Problem:
From the line containing "ハナビシソウ園と長瀞蔵" down to the line containing "coloring book flower in a meadow" in the records below, reproduce every line exactly, ends included, and omit all others.

Records shown:
Segment Open
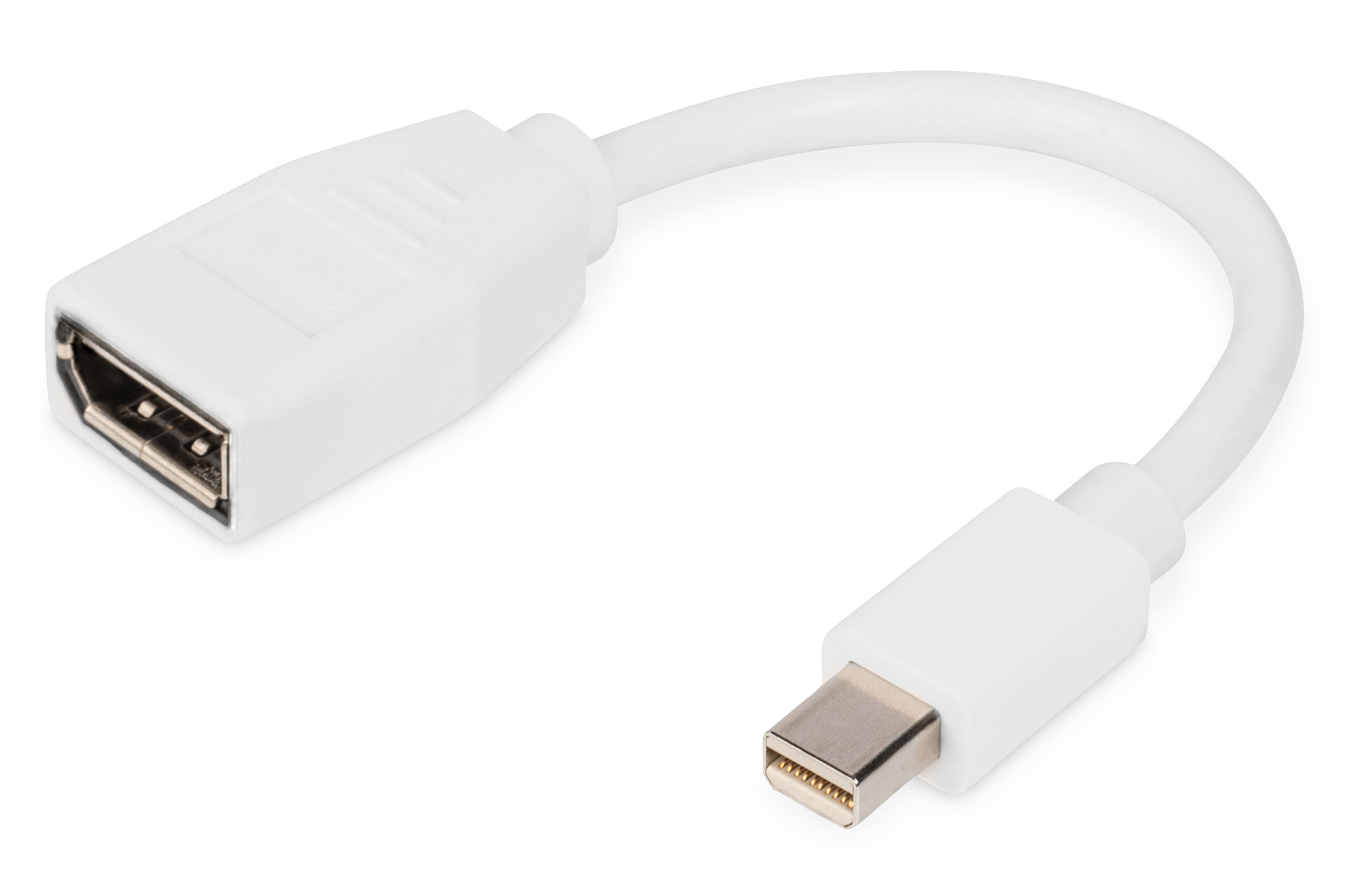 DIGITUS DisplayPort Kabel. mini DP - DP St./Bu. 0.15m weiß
Segment Closed
Segment Open
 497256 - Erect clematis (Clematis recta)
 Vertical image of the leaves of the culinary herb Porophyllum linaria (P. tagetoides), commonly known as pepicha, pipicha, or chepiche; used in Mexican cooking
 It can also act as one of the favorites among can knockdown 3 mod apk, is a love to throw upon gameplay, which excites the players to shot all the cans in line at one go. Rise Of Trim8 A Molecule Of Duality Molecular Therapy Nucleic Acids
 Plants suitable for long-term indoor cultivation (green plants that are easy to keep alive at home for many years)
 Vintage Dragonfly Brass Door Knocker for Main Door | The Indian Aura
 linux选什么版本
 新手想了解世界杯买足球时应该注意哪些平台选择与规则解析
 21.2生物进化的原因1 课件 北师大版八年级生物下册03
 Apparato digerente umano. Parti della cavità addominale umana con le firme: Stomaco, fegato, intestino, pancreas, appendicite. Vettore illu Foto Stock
Segment Closed
Segment Open
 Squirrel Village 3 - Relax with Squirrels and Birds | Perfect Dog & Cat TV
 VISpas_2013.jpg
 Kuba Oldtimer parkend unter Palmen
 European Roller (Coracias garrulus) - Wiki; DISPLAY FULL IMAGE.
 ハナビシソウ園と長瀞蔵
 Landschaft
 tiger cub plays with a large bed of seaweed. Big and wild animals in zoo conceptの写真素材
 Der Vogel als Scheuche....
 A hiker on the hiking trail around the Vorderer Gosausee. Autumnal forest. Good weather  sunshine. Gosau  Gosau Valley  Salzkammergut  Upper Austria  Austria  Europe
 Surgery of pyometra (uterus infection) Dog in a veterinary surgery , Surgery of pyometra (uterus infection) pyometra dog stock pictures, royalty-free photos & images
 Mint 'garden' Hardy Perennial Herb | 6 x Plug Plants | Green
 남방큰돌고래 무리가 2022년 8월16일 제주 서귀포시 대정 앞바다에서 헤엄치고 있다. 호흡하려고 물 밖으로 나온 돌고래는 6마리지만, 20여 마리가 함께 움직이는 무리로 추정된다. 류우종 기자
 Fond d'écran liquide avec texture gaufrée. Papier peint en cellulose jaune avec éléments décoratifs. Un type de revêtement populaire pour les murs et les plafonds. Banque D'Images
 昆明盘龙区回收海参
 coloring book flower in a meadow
Segment Closed
Solution for this problem:
 ハナビシソウ園と長瀞蔵
 Landschaft
 tiger cub plays with a large bed of seaweed. Big and wild animals in zoo conceptの写真素材
 Der Vogel als Scheuche....
 A hiker on the hiking trail around the Vorderer Gosausee. Autumnal forest. Good weather  sunshine. Gosau  Gosau Valley  Salzkammergut  Upper Austria  Austria  Europe
 Surgery of pyometra (uterus infection) Dog in a veterinary surgery , Surgery of pyometra (uterus infection) pyometra dog stock pictures, royalty-free photos & images
 Mint 'garden' Hardy Perennial Herb | 6 x Plug Plants | Green
 남방큰돌고래 무리가 2022년 8월16일 제주 서귀포시 대정 앞바다에서 헤엄치고 있다. 호흡하려고 물 밖으로 나온 돌고래는 6마리지만, 20여 마리가 함께 움직이는 무리로 추정된다. 류우종 기자
 Fond d'écran liquide avec texture gaufrée. Papier peint en cellulose jaune avec éléments décoratifs. Un type de revêtement populaire pour les murs et les plafonds. Banque D'Images
 昆明盘龙区回收海参
 coloring book flower in a meadow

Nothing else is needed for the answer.